Today on Getting To Know... I have Paul Toolan, lovely author of A Killing Tree and A January Killing.
You write crime fiction, what is it that draws you to this genre?
It’s a genre I’ve enjoyed since as a schoolboy I read and re-read the Sherlock Holmes stories. Mysterious plots, enigmatic characters and atmospheric settings feature strongly in the Holmes books – they’re central features of my novels too. And there are so many routes crime novels can travel. They don’t all have to be about serial killers mutilating women [usually] in gory, voyeuristic ways. Mine aren’t.
Zig Batten is the main character in your series, is there any of your personality in him or is he based on someone in real life?

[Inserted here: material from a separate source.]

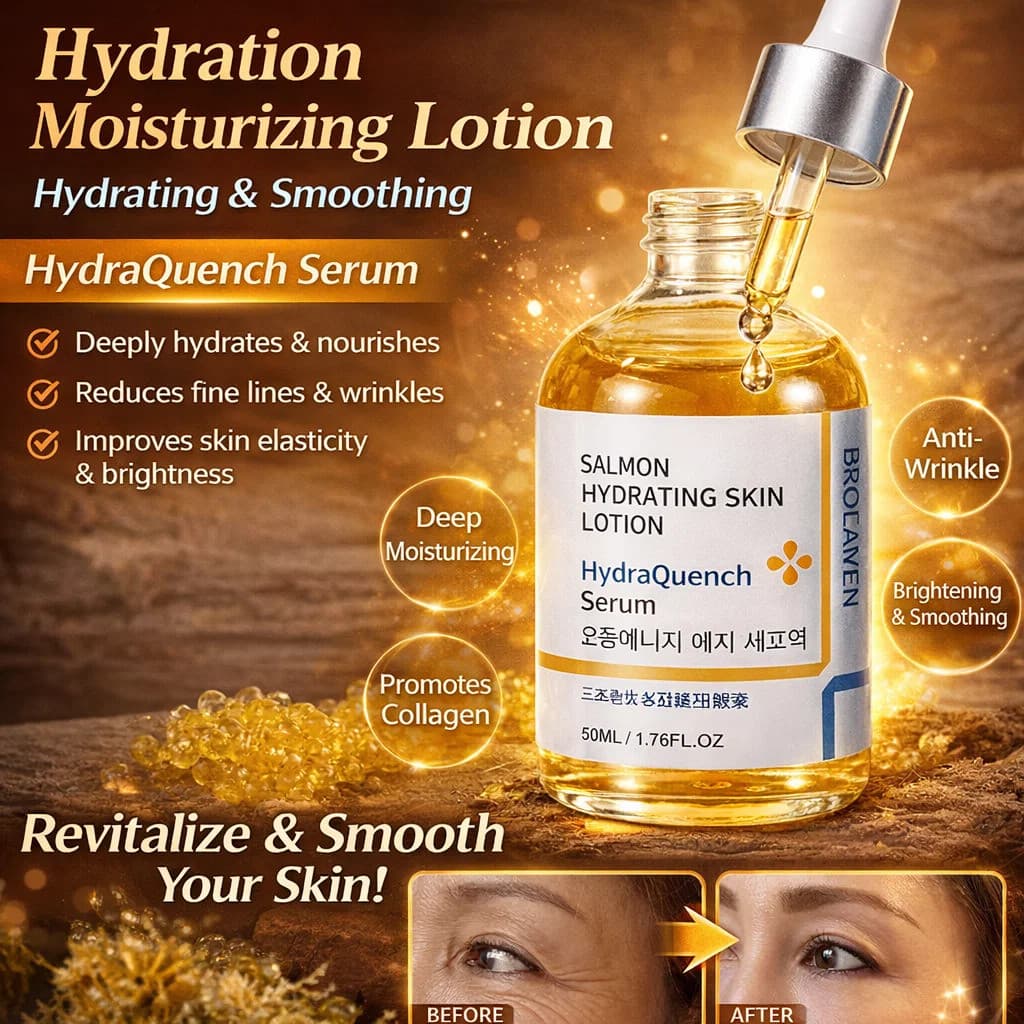 【Antienvelhecimento Eficaz】[Deep Hydration Effect] Salmon Anti-Aging/Hydrating Serum Para Rugas/Serum Facial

While he’s a creation from my imagination, and not based on a real person, there are some parallels between him and me. We’re both from urban Yorkshire in the north of England, and moved south to live in rural Somerset in the West Country. We’re both Eng Lit graduates, reflective, socially aware, ironically-minded. I’ve never worked for the police or the legal profession, though, and when I’m writing, I often make Zig do the opposite of what I’d do in the same situation. I’m not producing an autobiography. Characters should extend the writer, I feel. And alas, he’s 25 years younger than me!
Do you have a favourite character that you have written so far?
I like Zig Batten and Sergeant Ball – liking them helps me to write them, though I write their faults too. But I’m warming to the minor members of Batten’s police team, especially to Detective Constable Eddie Hick, whose nickname is ‘Loft’, because he’s full of crap. As the series has grown, so has Hick, and his intelligence is emerging despite his physical jerks and awkwardness – he has a body that is ‘part windmill, part wrecking-ball’.
DC Nina Magnus, a black detective in largely white rural Somerset, takes on a bigger role in book 3, An Easter Killing [which should be out by Easter 2017], and I think Eddie Hick may do much the same in book 4. A fair-sized police team is harder to deal with as a writer, but the reward is having plenty of scope.
When you are writing do you have a set routine or schedule that you like to follow?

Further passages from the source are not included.